◆ Task to carry out ◆
The expected output is the complete data, reproduced exactly.

Items from a data source:
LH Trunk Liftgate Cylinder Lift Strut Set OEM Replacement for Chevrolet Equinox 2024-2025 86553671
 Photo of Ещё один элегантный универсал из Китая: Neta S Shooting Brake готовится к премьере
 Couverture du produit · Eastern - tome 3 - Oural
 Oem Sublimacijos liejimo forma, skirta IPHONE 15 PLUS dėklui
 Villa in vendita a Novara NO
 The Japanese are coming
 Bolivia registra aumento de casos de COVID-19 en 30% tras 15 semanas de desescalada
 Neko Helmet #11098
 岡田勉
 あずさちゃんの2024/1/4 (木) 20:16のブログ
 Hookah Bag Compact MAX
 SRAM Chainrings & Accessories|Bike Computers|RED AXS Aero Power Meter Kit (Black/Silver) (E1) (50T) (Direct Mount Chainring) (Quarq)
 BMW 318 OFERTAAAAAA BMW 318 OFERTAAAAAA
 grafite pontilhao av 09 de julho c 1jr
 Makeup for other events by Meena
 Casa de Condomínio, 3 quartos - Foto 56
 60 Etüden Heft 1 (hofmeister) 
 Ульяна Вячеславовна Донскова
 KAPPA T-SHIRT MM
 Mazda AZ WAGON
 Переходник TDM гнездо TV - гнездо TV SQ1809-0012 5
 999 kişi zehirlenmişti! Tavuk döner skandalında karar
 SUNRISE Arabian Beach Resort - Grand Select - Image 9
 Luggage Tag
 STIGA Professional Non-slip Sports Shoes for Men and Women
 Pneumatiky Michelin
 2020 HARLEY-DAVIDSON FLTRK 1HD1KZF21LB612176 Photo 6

◆ Task result ◆
LH Trunk Liftgate Cylinder Lift Strut Set OEM Replacement for Chevrolet Equinox 2024-2025 86553671
 Photo of Ещё один элегантный универсал из Китая: Neta S Shooting Brake готовится к премьере
 Couverture du produit · Eastern - tome 3 - Oural
 Oem Sublimacijos liejimo forma, skirta IPHONE 15 PLUS dėklui
 Villa in vendita a Novara NO
 The Japanese are coming
 Bolivia registra aumento de casos de COVID-19 en 30% tras 15 semanas de desescalada
 Neko Helmet #11098
 岡田勉
 あずさちゃんの2024/1/4 (木) 20:16のブログ
 Hookah Bag Compact MAX
 SRAM Chainrings & Accessories|Bike Computers|RED AXS Aero Power Meter Kit (Black/Silver) (E1) (50T) (Direct Mount Chainring) (Quarq)
 BMW 318 OFERTAAAAAA BMW 318 OFERTAAAAAA
 grafite pontilhao av 09 de julho c 1jr
 Makeup for other events by Meena
 Casa de Condomínio, 3 quartos - Foto 56
 60 Etüden Heft 1 (hofmeister) 
 Ульяна Вячеславовна Донскова
 KAPPA T-SHIRT MM
 Mazda AZ WAGON
 Переходник TDM гнездо TV - гнездо TV SQ1809-0012 5
 999 kişi zehirlenmişti! Tavuk döner skandalında karar
 SUNRISE Arabian Beach Resort - Grand Select - Image 9
 Luggage Tag
 STIGA Professional Non-slip Sports Shoes for Men and Women
 Pneumatiky Michelin
 2020 HARLEY-DAVIDSON FLTRK 1HD1KZF21LB612176 Photo 6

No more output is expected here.